Copyright Crackdown Threatens Youtube Lip-Syncing
CHARLOTTE, NC- We've all seen cute kids lip-syncing their favorite songs on YouTube. A new bill could make that illegal.
"I don't think you should go after little 8 year olds that are crying and singing Justin Bieber because it's their favorite person in the world," said YouTube Lip-syncer Cubby Squires.
U.S. Senate bill 978 would toughen copyright laws and make it illegal to upload lip-synced videos.
Squires uploaded a video lip-syncing and dancing to Beyonce’s “Single Ladies” to YouTube two years ago.
51 million views later and an appearance on stage with Beyonce… and he's got cyber success.
"I understand the record companies want to look after themselves because it's a business... it's a profit, and that's fine," said Squires.

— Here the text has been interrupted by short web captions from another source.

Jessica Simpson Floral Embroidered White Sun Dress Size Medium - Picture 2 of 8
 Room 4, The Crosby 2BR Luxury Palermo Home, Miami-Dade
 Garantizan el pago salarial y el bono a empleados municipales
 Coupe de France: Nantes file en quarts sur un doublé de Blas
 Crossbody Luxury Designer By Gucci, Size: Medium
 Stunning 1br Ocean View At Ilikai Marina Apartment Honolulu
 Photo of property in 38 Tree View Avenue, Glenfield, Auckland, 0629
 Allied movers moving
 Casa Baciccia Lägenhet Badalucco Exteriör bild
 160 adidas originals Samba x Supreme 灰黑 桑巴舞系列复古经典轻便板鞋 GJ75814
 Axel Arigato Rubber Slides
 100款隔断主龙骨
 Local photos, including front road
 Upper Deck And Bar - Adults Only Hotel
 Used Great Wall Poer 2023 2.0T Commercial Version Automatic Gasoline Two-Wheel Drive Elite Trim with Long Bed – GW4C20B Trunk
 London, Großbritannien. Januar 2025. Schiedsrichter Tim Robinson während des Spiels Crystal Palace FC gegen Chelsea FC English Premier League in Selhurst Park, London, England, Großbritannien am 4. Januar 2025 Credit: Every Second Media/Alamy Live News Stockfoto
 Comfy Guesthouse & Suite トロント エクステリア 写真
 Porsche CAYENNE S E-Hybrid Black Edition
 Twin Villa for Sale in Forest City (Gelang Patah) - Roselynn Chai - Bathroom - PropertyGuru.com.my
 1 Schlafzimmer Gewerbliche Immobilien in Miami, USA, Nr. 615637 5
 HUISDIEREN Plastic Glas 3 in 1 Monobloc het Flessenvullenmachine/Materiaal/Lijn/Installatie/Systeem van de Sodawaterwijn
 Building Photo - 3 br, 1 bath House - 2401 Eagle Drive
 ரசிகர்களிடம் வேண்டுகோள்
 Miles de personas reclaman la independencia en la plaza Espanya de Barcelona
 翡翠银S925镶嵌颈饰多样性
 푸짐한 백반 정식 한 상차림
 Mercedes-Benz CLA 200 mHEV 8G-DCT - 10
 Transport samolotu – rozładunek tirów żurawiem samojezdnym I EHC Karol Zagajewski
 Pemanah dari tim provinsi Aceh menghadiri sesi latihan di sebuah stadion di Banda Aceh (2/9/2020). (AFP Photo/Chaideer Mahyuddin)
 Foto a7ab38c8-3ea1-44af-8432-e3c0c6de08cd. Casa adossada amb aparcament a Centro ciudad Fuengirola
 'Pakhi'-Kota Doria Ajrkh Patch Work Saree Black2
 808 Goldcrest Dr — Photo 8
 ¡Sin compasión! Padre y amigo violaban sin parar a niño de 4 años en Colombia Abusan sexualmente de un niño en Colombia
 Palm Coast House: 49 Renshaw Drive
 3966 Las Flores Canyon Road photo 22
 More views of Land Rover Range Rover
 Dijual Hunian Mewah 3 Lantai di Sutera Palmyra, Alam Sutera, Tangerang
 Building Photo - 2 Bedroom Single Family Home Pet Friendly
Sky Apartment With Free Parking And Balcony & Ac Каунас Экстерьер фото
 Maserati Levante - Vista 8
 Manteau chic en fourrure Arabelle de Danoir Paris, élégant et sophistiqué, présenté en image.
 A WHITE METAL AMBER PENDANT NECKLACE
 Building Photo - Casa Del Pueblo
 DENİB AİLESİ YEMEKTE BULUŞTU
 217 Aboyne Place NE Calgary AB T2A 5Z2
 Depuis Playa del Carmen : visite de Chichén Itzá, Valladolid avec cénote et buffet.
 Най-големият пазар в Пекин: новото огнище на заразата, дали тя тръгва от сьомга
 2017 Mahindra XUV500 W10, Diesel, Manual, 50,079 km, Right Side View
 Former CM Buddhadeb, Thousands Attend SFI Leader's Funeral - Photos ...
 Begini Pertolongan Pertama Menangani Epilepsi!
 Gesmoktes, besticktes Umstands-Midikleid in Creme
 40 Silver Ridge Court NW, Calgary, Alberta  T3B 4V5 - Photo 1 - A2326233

Squires shot a new video in Charlotte on Monday.
Under the new bill, it could get him into trouble.
For publicly performing copyrighted material and uploading those to sites like YouTube, the bill presents a very steep penalty... up to five years in prison.
Ben Sidbury practices copyright law, including audio recordings and digital media.
"The way the statute is written... It would now criminalize anybody that performs a copyrighted work, which is essentially nowadays any song under the sun," said Sidbury.
So, YouTube sensations like 16 year-old Keenan Cahill would be guilty under the bill... even if he doesn't make any money.
"In theory at least, the record companies or the Department of Justice could go after a 9-year old or a 12 year old or a 30 year old for publicly performing a song," said Sidbury.